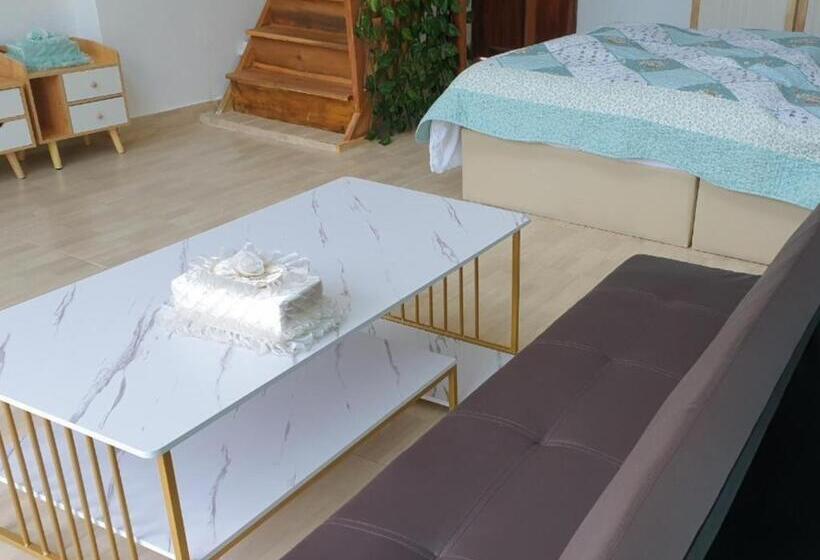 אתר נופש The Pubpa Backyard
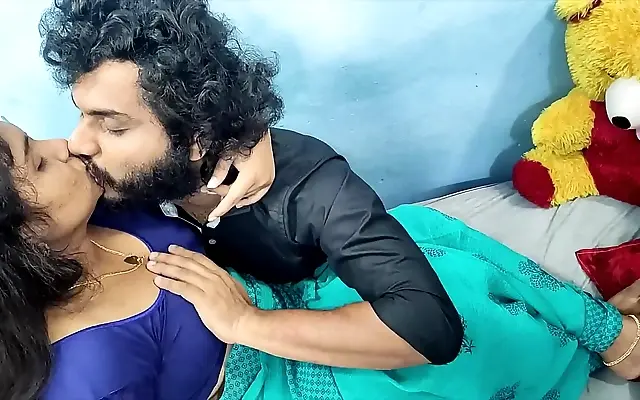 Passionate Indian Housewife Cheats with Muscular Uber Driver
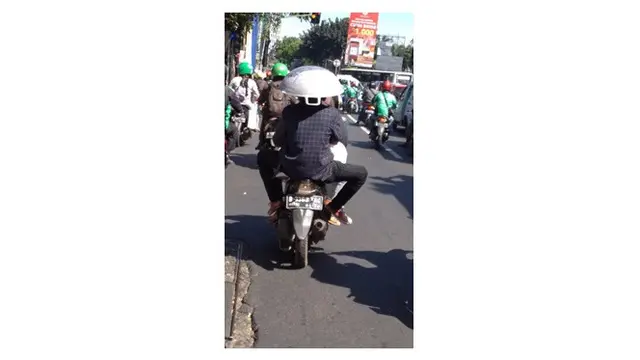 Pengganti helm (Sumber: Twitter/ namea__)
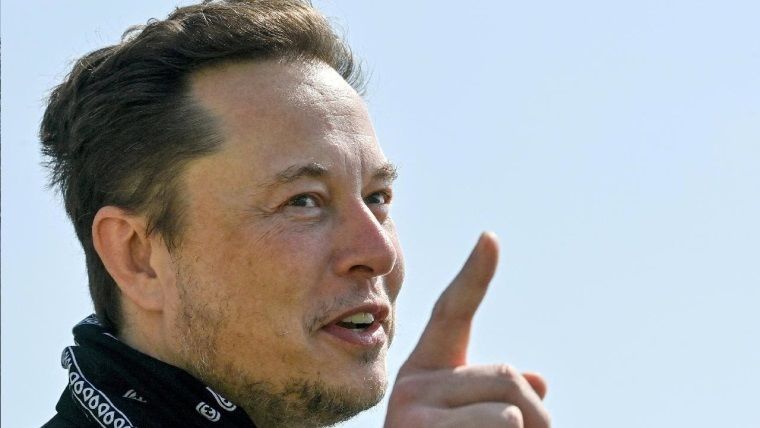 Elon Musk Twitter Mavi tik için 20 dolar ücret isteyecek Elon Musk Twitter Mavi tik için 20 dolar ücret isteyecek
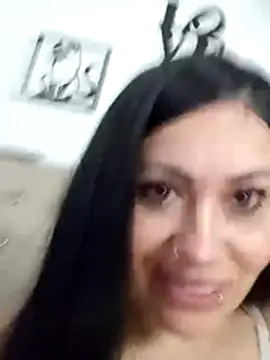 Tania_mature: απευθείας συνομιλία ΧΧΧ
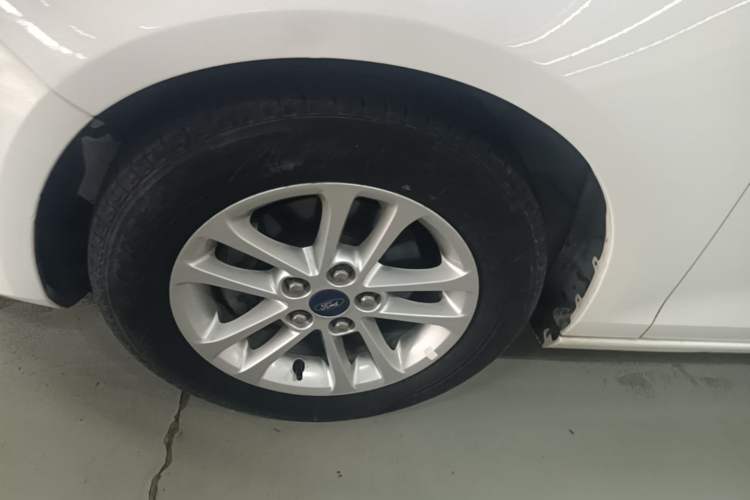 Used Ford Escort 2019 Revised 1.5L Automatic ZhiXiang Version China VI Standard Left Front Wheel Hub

□ □ □ □ □ □ □

Work instruction
Give back exactly the lines from the line with "Tania_mature: απευθείας συνομιλία ΧΧΧ" through the end of the records, both included; keep all pictures out.

Written response
 Tania_mature: απευθείας συνομιλία ΧΧΧ
 Used Ford Escort 2019 Revised 1.5L Automatic ZhiXiang Version China VI Standard Left Front Wheel Hub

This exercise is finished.